Repeat the data exactly. Pictures stay out.

====== Data excerpt

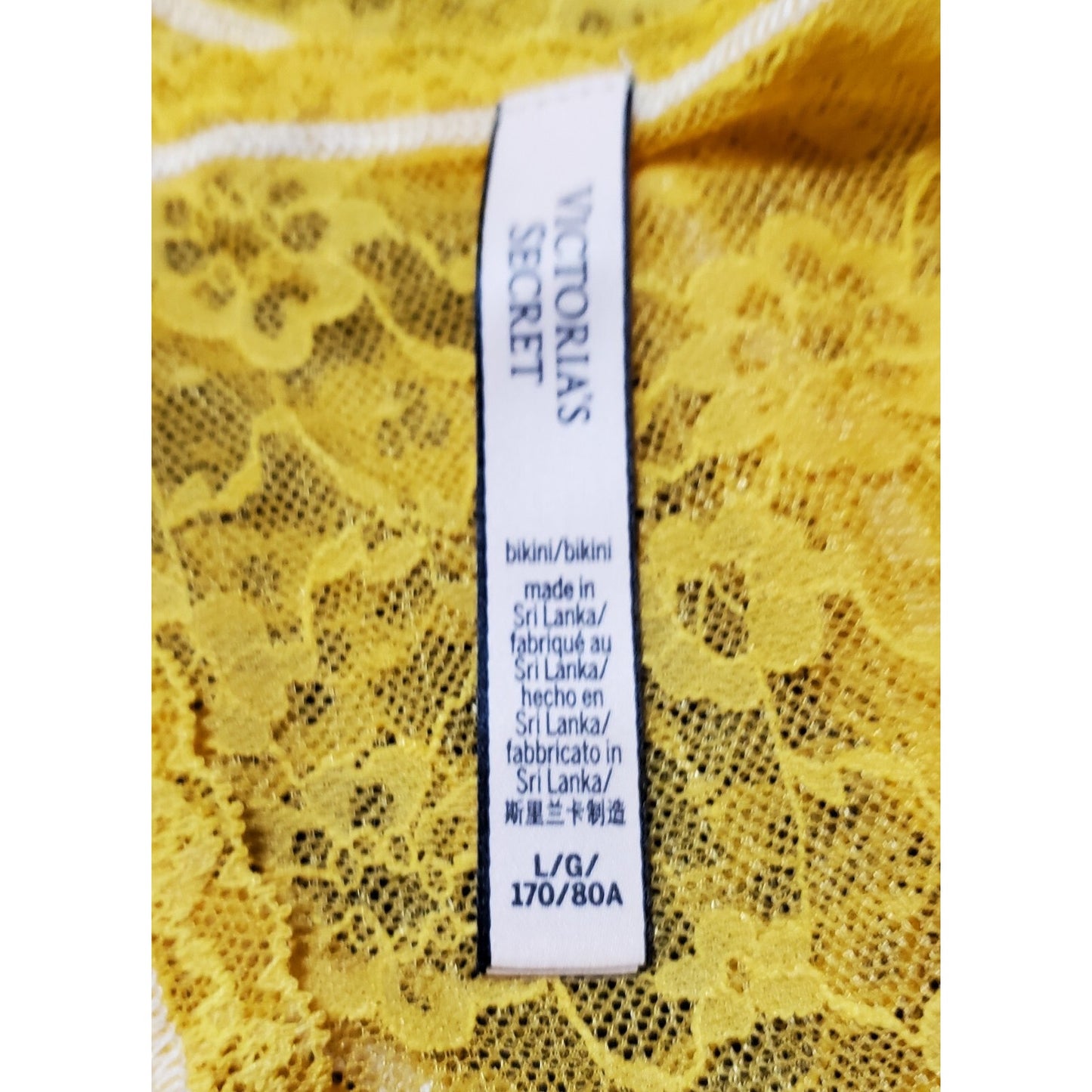 Victoria's Secret Floral Lace Sheer Bikini Panty Tulip Yellow 7/L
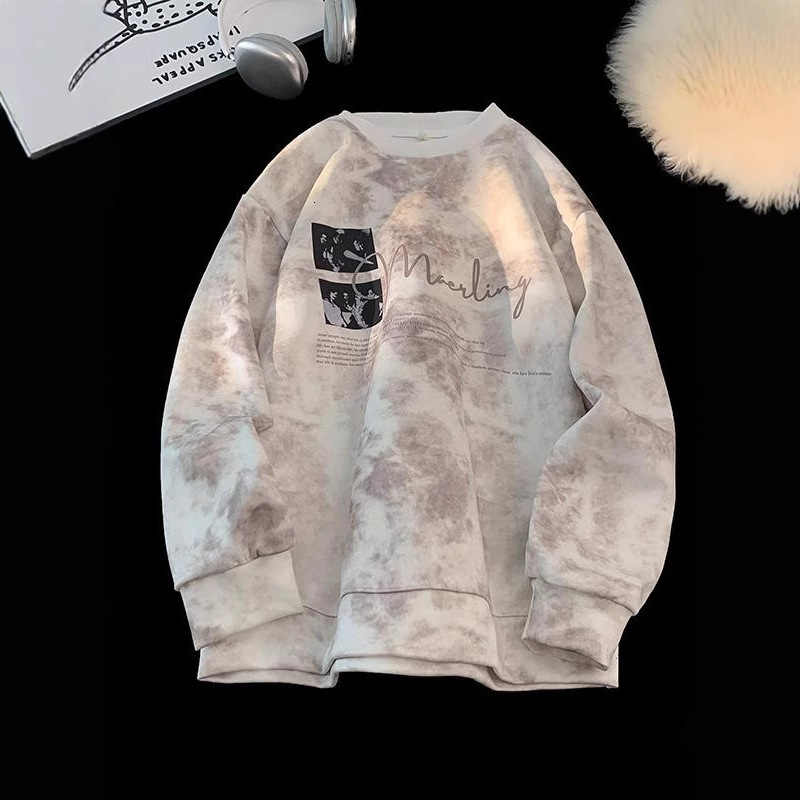 American Tie-dye Crewneck Pullover Sweatshirt For Men Autumn And Winter New Trendy Designer Hoodie Loose Designer Shirt Long Sleeve T-shirt With Fleece Casual Top
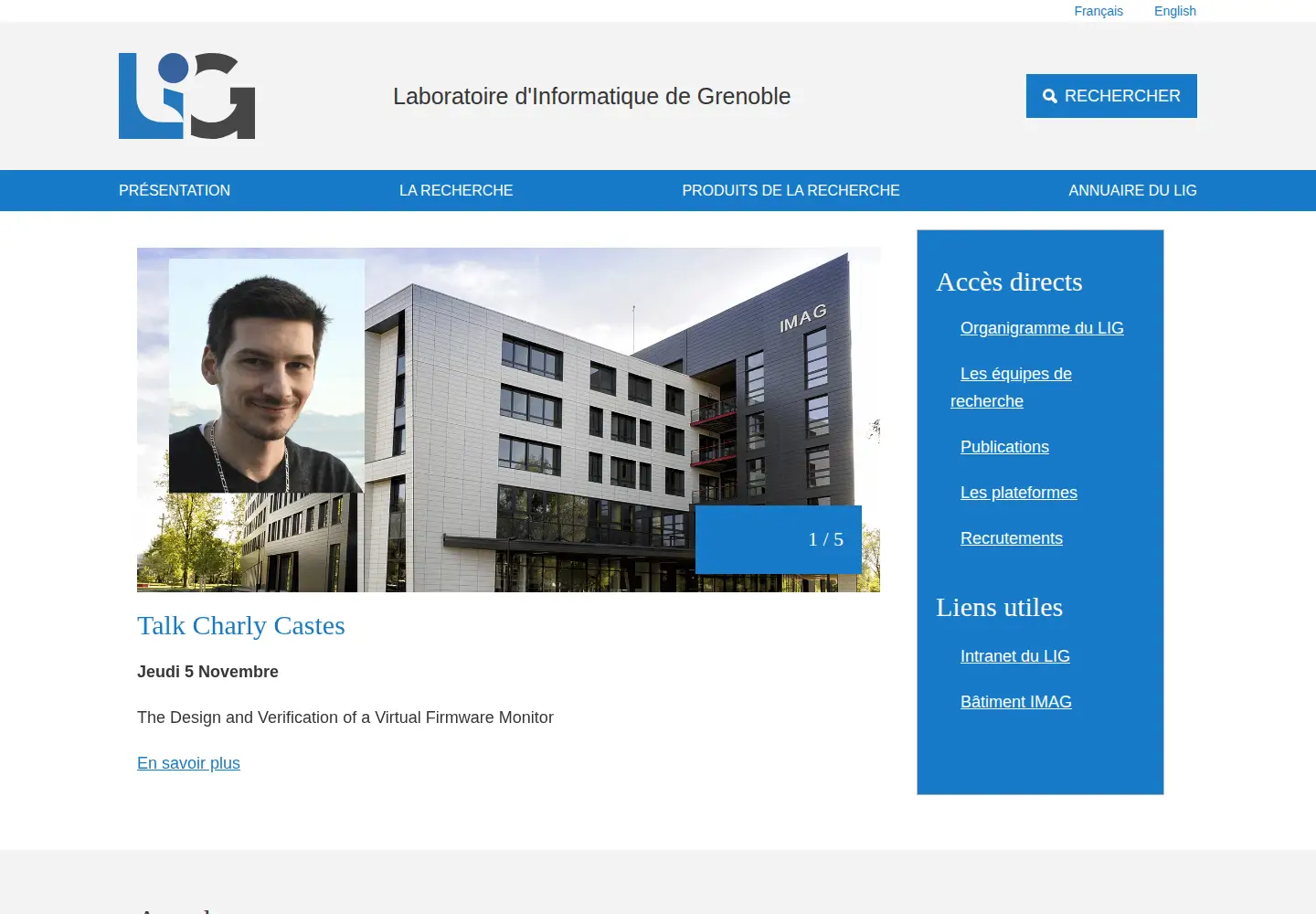 Screenshot of liglab.fr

============

> **Finished exercise**:
 Victoria's Secret Floral Lace Sheer Bikini Panty Tulip Yellow 7/L
 American Tie-dye Crewneck Pullover Sweatshirt For Men Autumn And Winter New Trendy Designer Hoodie Loose Designer Shirt Long Sleeve T-shirt With Fleece Casual Top
 Screenshot of liglab.fr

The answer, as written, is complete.